3 big ideas for big data in the public sector

Predictive analytics, code sharing and distributed intelligence could improve criminal justice, cities and response to pandemics.

If you’re going to try to apply the lessons of “Moneyball” to New York City,’ you’ll need to get good data, earn the support of political leaders and build a team of data scientists. That’s precisely what Mike Flowers has done in the Big Apple, and his team has helped to save lives and taxpayers dollars. At the Strata + Hadoop World conference held in New York in October, Flowers, the director of analytics for the Office of Policy and Strategic Planning in the Office of the Mayor of New York City, gave a keynote talk about how predictive data analytics have made city government more efficient and productive.

While the story that Flowers told is a compelling one, the role of big data in the public sector was in evidence in several other sessions at the conference. Here are three more ways that big data is relevant to the public sector that stood out from my trip to New York City.

There’s justice in the data

“Data and technology will change how criminal justice works in America,” said Anne Milgram. Milgram, the former attorney general of New Jersey, is now the vice president of criminal justice at the Arnold Foundation, where she’s working on building better risk assessment tools for courts, including a pilot in Manhattan.

“You can’t fix a problem you don’t know you don’t have,” said Migram. “We need to understand when and where violent crime is happening.” Most institutional actors, she asserted, are not using tech effectively. They need access to information other actors have and face cultural hurdles to data sharing.

When she asked a judge which criminals his court was actually putting in jails, he said it was the most dangerous and violent offenders. The data shows that the majority of people being incarcerated are low-level, non-violent offenders, said Milgram. The judges she talked with, however, couldn’t believe that outcome, given that their intention in sentencing was otherwise. What she showed them also highlighted an important system error: highly violent people were ending up out on the streets, not incarcerated.

Applying a data-driven lens to improve the efficiency and effectiveness of the criminal justice system has a potentially huge incentive: improving the bottom lines of state budgets around the country. According to Milgram, corrections ranks among the highest expenditures in state budgets. (As of 2012, corrections was No. 4 in California, for instance.) It costs $45,000 p er year in New Jersey to incarcerate someone, she said, and the cost of local systems nationally is estimated by the Department of Justice at more than $130 billion dollars a year. The costs of incarceration just prior to trial alone is $9 billion.

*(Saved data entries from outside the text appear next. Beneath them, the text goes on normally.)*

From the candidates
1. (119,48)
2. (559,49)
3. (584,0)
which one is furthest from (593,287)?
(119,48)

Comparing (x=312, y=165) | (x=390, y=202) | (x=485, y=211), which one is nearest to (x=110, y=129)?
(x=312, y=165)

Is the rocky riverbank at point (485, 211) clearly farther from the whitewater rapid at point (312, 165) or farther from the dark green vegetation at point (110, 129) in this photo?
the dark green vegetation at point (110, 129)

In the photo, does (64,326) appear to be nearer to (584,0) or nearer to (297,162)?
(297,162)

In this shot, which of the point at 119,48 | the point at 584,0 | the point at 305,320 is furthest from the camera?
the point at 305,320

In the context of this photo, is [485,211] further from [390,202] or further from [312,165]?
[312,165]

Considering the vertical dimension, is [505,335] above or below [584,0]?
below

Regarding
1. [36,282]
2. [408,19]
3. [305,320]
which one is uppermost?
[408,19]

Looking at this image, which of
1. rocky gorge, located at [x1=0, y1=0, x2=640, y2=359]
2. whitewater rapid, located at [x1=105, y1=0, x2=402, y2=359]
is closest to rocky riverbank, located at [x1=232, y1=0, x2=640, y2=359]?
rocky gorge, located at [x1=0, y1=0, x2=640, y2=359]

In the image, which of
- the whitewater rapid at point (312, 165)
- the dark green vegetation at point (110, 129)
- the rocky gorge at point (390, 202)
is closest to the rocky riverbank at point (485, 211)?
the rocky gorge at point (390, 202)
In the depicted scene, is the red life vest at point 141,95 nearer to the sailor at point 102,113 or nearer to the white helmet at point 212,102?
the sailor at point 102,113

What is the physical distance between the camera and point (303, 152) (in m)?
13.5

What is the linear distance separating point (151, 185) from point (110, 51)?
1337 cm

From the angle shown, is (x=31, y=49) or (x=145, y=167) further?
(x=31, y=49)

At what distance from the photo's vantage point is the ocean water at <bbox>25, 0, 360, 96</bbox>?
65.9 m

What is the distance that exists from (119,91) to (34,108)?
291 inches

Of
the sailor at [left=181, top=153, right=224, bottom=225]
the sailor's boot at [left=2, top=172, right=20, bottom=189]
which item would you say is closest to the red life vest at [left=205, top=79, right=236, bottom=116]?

Milgram spoke about “moneyballing” criminal justice earlier this year at the Code for America Summit. Video of that talk is embedded below:


The returns for better applying technology in criminal justice extend far beyond reducing crime or costs to something that government officials are sworn to uphold: justice.

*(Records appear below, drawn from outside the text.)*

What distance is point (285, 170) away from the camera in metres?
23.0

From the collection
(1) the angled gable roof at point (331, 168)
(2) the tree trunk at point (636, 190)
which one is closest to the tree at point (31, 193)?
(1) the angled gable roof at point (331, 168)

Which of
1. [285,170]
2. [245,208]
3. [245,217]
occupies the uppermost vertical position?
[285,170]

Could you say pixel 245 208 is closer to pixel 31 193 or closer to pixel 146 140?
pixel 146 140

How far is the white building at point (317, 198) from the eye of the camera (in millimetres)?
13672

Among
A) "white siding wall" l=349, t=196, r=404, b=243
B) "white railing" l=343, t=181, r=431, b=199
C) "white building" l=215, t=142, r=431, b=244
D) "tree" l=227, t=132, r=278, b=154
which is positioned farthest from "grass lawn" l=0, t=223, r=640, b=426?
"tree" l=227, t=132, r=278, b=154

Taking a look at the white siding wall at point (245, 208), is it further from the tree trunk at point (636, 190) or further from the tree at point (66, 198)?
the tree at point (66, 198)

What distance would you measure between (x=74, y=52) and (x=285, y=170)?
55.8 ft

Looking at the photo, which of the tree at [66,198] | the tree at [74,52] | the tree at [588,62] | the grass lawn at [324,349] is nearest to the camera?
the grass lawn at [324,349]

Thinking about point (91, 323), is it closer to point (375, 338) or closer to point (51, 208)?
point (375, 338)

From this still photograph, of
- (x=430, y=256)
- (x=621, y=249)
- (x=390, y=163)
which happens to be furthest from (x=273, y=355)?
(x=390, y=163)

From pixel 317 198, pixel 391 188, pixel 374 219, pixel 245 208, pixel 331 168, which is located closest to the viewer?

“It’s too expensive” is no longer an excuse

While Milgram is focused on getting a pilot up and running in New York City, Chicago’s data-driven approach to open government has been underway since Mayor Rahm Emanuel was elected in February 2011. At Strata + Hadoop World, Q Ethan McCallum, the author of the newly published Bad Data Handbook, joined Chicago chief information officer and chief data officer Brett Goldstein to talk about text mining and civic engagement.

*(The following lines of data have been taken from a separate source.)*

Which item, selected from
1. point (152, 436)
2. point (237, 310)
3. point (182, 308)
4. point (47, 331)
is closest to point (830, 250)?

There’s much that can and should be said about what Chicago has accomplished with data in the past years, from the launch of Open 311 in Chicago, which creates public data infrastructure for civic apps like this flu shot finder, to the city’s embrace of its civic hacking community, which creates useful apps like Was my car towed?.

What jumped out for me at Strata however, wasn’t the quality of Chicago’s data, how it has consumed it internally or the ecosystem of nonprofits, developers and startups that the city has worked to create around it. Instead, it was the importance of political leadership, results and the pursuit of internal capacity, not just the number of open datasets published online. “Mayor Emanuel wanted Chicago to be the standard for open data, analytics and prediction,” said Goldstein.

Chicago is a political place, he allowed with a laugh at the press conference at the Strata Conference, but the mandate from the mayor is to do it right. “We’re not creating pretty pictures,” he said. “We’re building a solid foundation.”

Goldstein, who added “CIO” to his title earlier this year, has spent a lot of time working on architecture since. The question has been how to bring the data together. Chicago has taken an open source approach to doing so, trying to make it universally easier to use and standardizing across the enterprise. He’s also been working with the community: Chicago is not only making municipal data available, but it’s also sponsoring R classes to help people understand how to put it to good use.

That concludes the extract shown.